• **The problem**
In the records below, take the line with "New 2026 Honda" and all lines after it, and copy them exactly, pictures excluded.

========

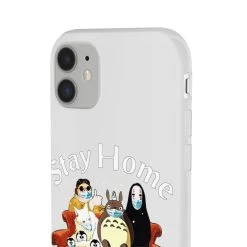 Stay Home And Watch Ghibli Movie IPhone Cases -Ghibli Shop 62579 628
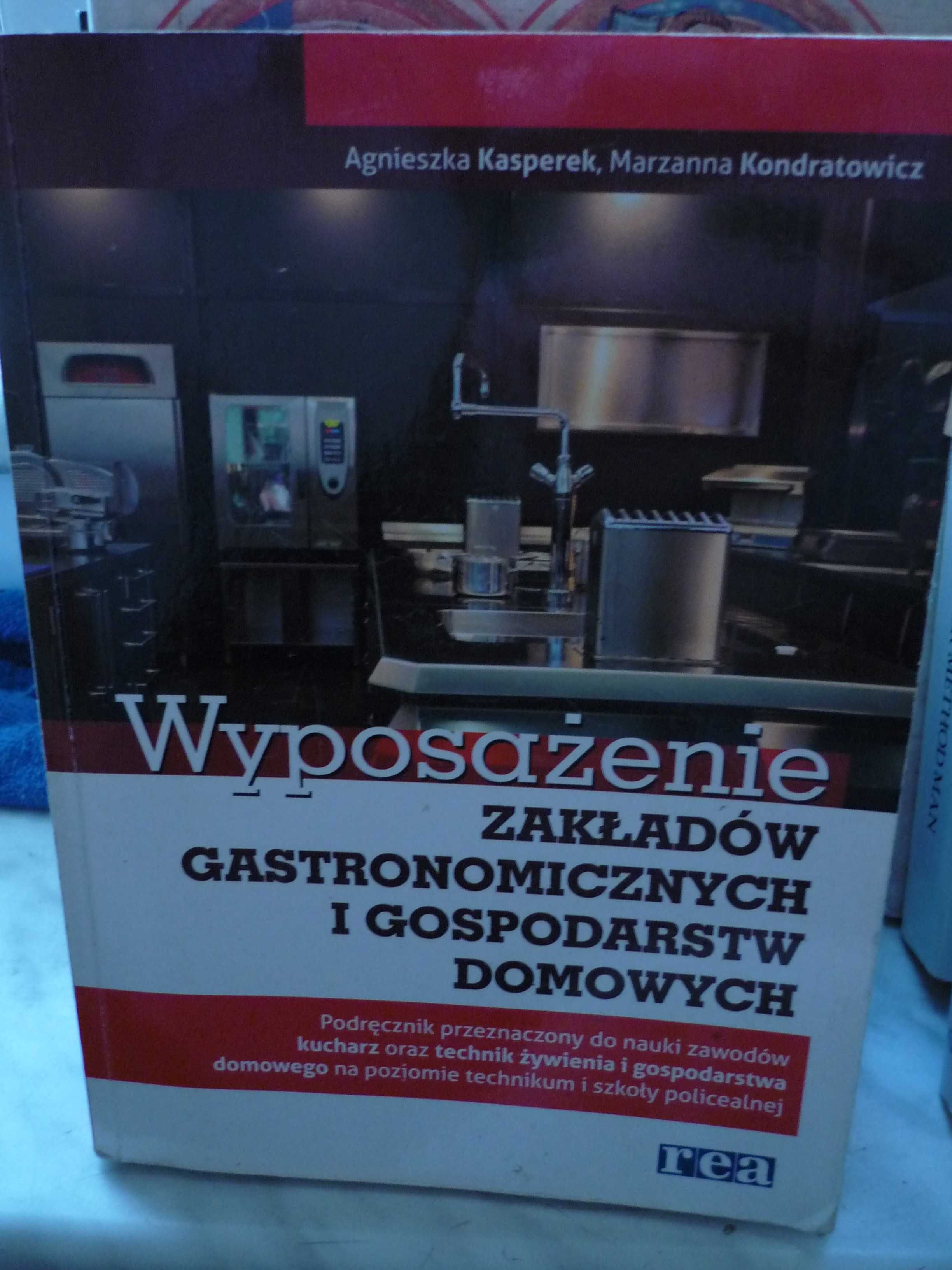 Wyposażenie zakładów gastronomicznych i gospodarstw domowych.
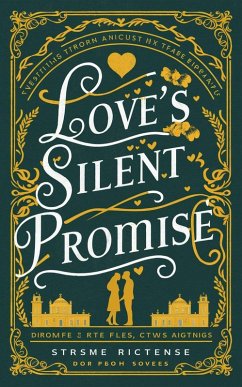 Cover Love's Silent Promise (eBook, ePUB)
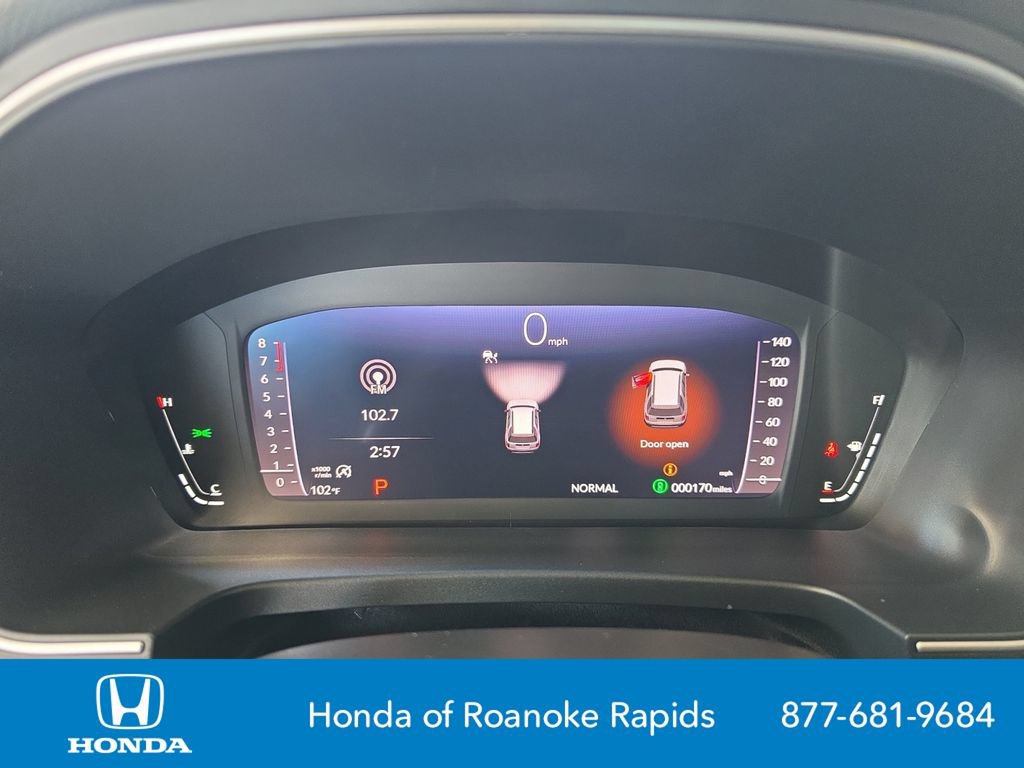 New 2026 Honda Passport TrailSport Elite image 14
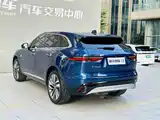 Фото 17 - Jaguar F-PACE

========

• **Written response**
 New 2026 Honda Passport TrailSport Elite image 14
 Фото 17 - Jaguar F-PACE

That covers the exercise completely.